Tuning into language: infants’ trajectories of participation in everyday interaction
How do infants become participants of culturally organised social interaction? Where does
shared intentionality begin and how does language develop? In this talk I will explore the
idea that to seek answers to these questions there is a need to focus on processes not
residing within the infant, but by coordination processes constructed within interaction.

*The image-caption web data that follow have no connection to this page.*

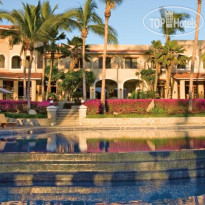 Casa del Mar Golf Resort & Spa 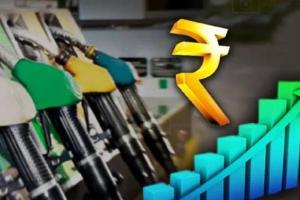 लगातार 11वें दिन महंगा हुआ पेट्रोल-डीजल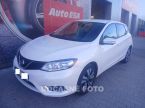 Nissan Pulsar - fotka číslo 0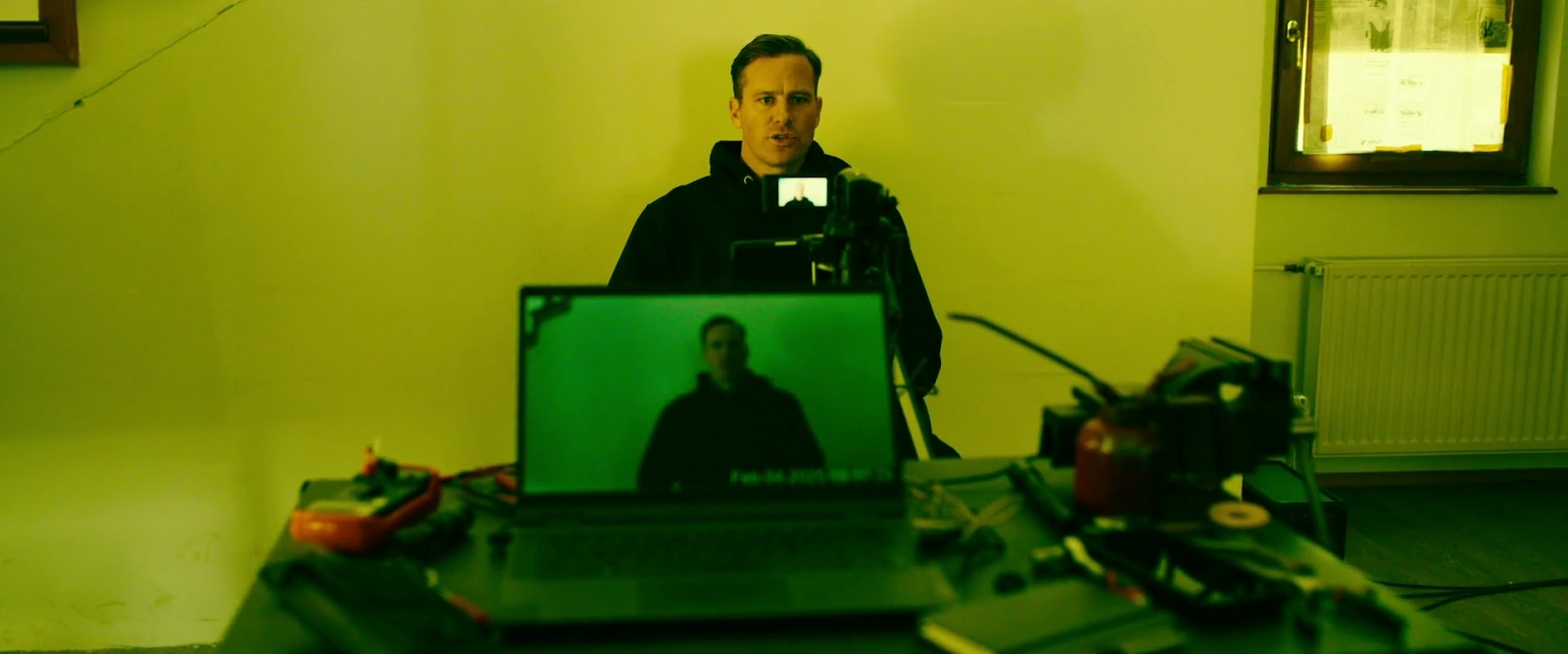 Citizen Vigilante screenshot 4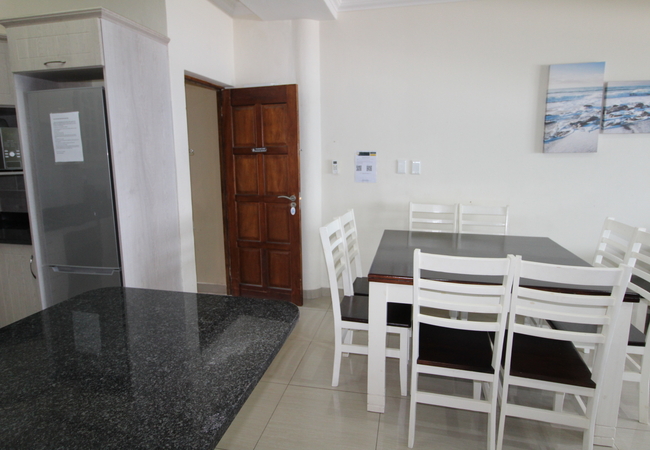 Saints View Resort 16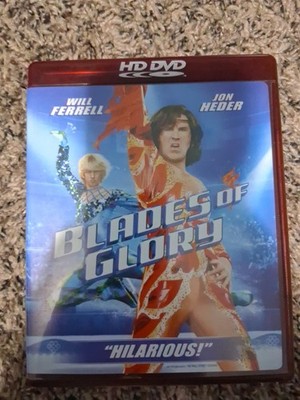 Blades of Glory (HD, 2007)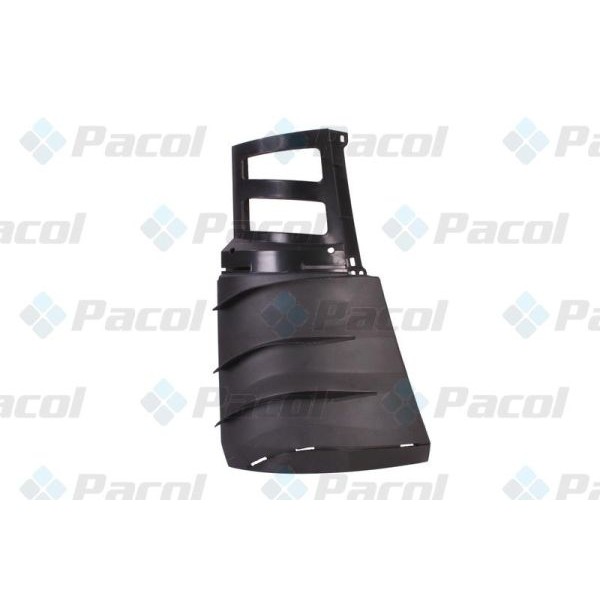 Слика на дефлектор PACOL MER-CP-018R за камион Mercedes Actros MP2, MP3 1841, L, LL - 408 коњи дизел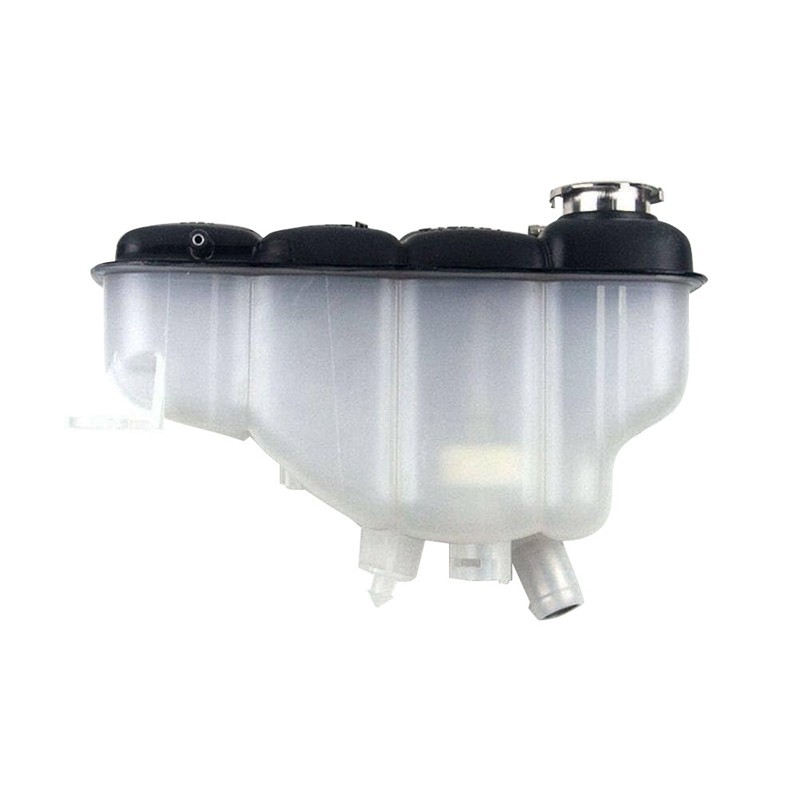 ۩Auto Coolant Bottle Radiator Expansion Tank Auxiliary Water Bottle For ...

Rather than focussing on how infants might “break into” language by acquiring linguistic
structures and learning that words have meaning, I suggest that infants gradually “tune
into” language by experiencing themselves as effective participants in joint actions. This
might help infants grasp that behaviour is meaningful in the first place and therefore useful
in getting things done in the world. I will draw from video-corpora of caregivers and infants
in the first months of infants’ lives and present findings on the ways in which caregivers and
infants organise meaning together within mundane interactions. I will also focus on how
caregivers scaffold infants’ understanding of their bodies and voices as meaningful,
therefore paving an interactional trajectory towards the acquisition of language. Within
these interactions routines play a special role as the vehicles towards language. What starts
off as an embodied experience of language as acting with each-other becomes increasingly
conventionalised as interactions become less idiosyncratic and more rule-like and, thus,
recognisable to a broader cultural community.